Congratulations, the user is on your website, running your malicious javascript. Which is going to do what, exactly? It doesn't have access to any other site's cookies or information.
I think (s?)he meant upload the image to someone else's site. The malicious code be running on that site... not your own. So then it does have access to that site's cookies.
Right. I just took the example squirrel page, saved it, altered the comment section of the image to insert some javascript code alert('Hello') and opened it in my browser. It works but only if it is interpreted as html. So you'd need to be able to control it more.
Yeah, what jack-r-abbit said: the point is you've got malicious script embedded in a page from somebody else's web site, so you have access to cookies and can inspect and/or manipulate the user's session arbitrarily.

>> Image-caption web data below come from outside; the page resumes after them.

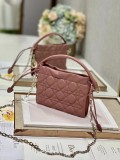 Borsa M0061 19 x 13 x 5cm002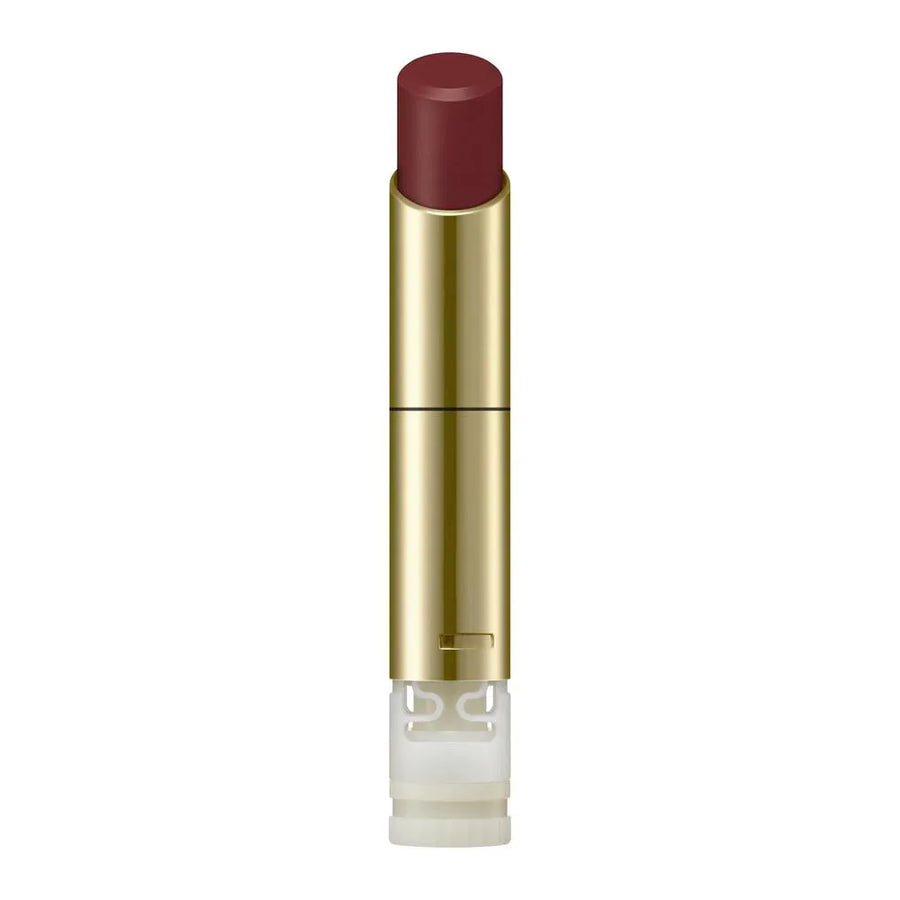 Sensai rossetto Lasting Plump 10 ricarica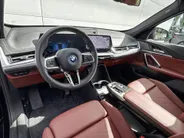 BMW iX1 xDrive30 67 kWh M Sport Edition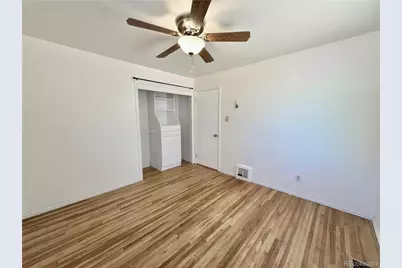 1225 S Ivanhoe Way, Denver, CO 80224 - Photo 17
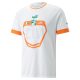 Maillot Cote d??Ivoire Exterieur 2022 2023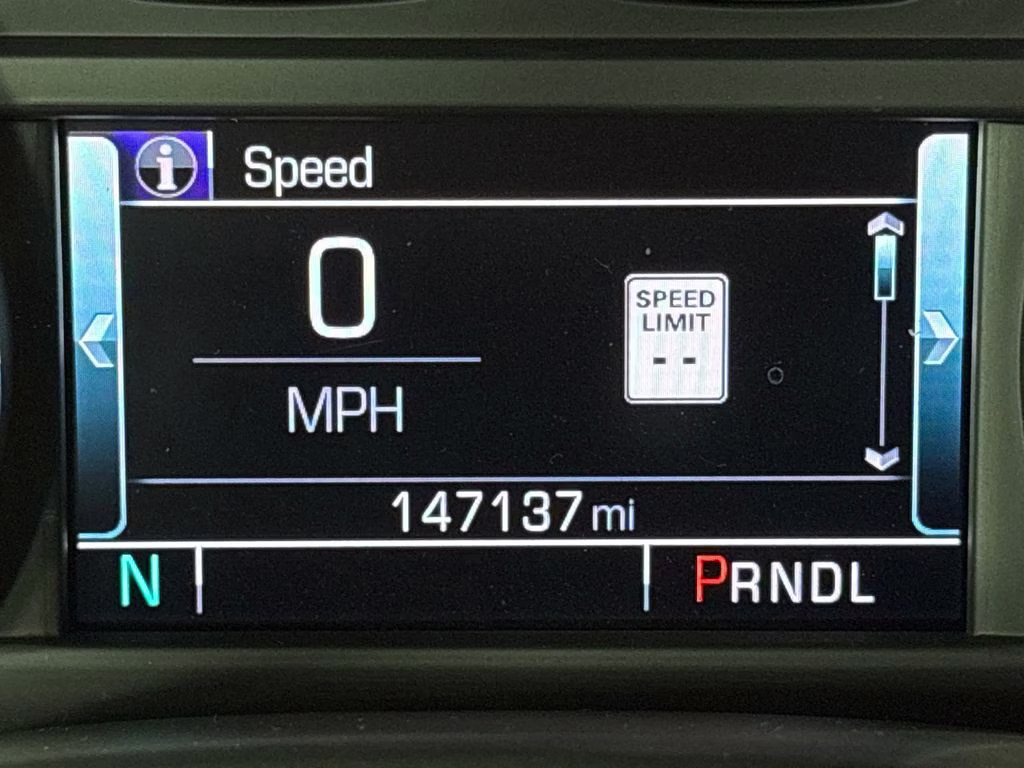 2019 Shadow Gray Metallic Chevrolet Suburban Premier 4X4 SUV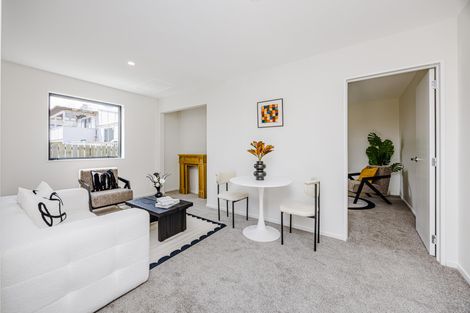 Photo of property in 13 Atkinson Avenue, Papatoetoe, Auckland, 2025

Look. You are the one making the claim that you can exploit this. I call bullshit. So either prove it, or drop it. Accusing me of being "confused" does not provide evidence for your claim.
I have embedded harmless (-- honest! --) script in the file to demonstrate that your browser will execute the script in the context of the site where the file is hosted.
So, click the link. (Again I promise that no harm will come to your computer.) Now imagine that dl.dropbox.com is, instead, some hypothetical site where users are expected to upload images, but not HTML documents containing arbitrary script, and the security implications should be fairly obvious.